Aka *category-level* or *generic* object recognition
More challenging
*This lecture and next practice session*
## Pipeline overview
## Our image classification pipeline
This is a **supervised** machine learning task
- We need a dataset with samples
- Images will be represented as BoVW vectors of fixed size ![](https://i.imgur.com/iGnNMb9.png)
- Targets will be encoded as integers ![](https://i.imgur.com/OV5hiUn.png)
- 0: Muffin
- 1: Chihuahua
This is a very usual data representation for a classification problem
Classifier inputs = "samples" with "features"

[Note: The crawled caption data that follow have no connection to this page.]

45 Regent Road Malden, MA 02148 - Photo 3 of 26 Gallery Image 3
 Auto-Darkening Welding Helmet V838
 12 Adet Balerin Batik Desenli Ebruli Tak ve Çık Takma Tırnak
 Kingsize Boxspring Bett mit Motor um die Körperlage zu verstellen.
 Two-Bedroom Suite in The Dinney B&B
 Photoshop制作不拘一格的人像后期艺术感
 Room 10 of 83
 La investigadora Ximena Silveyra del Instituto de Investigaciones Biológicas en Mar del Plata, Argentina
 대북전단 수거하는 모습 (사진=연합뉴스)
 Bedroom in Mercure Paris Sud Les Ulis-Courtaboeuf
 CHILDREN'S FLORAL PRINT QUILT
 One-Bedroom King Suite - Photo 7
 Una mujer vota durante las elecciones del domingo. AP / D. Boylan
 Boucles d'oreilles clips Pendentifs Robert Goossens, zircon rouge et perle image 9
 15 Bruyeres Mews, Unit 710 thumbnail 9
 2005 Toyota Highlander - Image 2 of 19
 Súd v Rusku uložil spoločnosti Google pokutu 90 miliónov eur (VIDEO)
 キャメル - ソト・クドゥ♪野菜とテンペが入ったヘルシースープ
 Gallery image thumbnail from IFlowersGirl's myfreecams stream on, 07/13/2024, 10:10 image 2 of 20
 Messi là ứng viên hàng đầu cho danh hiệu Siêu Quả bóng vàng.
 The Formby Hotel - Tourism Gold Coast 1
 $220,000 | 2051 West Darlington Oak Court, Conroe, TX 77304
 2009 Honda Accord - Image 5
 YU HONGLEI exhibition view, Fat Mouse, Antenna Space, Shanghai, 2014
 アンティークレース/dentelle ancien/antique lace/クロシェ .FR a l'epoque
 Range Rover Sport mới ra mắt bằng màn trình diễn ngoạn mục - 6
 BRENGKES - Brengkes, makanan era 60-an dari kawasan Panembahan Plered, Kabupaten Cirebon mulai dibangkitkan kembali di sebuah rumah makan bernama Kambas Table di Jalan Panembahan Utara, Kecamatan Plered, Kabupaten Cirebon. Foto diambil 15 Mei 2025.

Classifier outputs = "labels"
Now we just need to select an appropriate method, prepare our data, run some training, test the results, adjust some parameters, compare approaches, display results, ...
# Data preparation
## NumPy formatting
## Training/validation/test separation
- **You cannot estimate the generalization performance of your predictor/estimator/classifier on its training set**
- You need to keep some samples aside for later evaluation
## Other "funny" things to do IRL
- Collect data
- Clean data
- Check data
- Clean again
- Annotate
- Check
- Compute/convert/scale features
## Feature selection
Consists in dropping some data columns
Can help later stages:
- Less data to process
- Better properties (like decorrelated features, etc.)
Which columns ?
- Hard problem in general
- Because features may be informative **as a group**
- Some simpler and helpful techniques:
- Remove features with low variances
- Dimensionality reduction techniques are not exactly feature selection, but can still have a similar effect
# Some classifiers - part 1
## Disclaimer
What follows is a very limited selection
Only classifiers suitable for image classification as we present it today
**input = feature vector**
**output = label**
Many other approaches
## What is our goal ?
Given samples (described by features) and true lables, find a good function which will correctly predict labels given new data samples
## Parametric vs Non Parametric Classifiers
### Parametric examples
Logisitic regression, Linear Discriminant Analysis, naive Bayes, Perceptrion, Simple Neural Networks..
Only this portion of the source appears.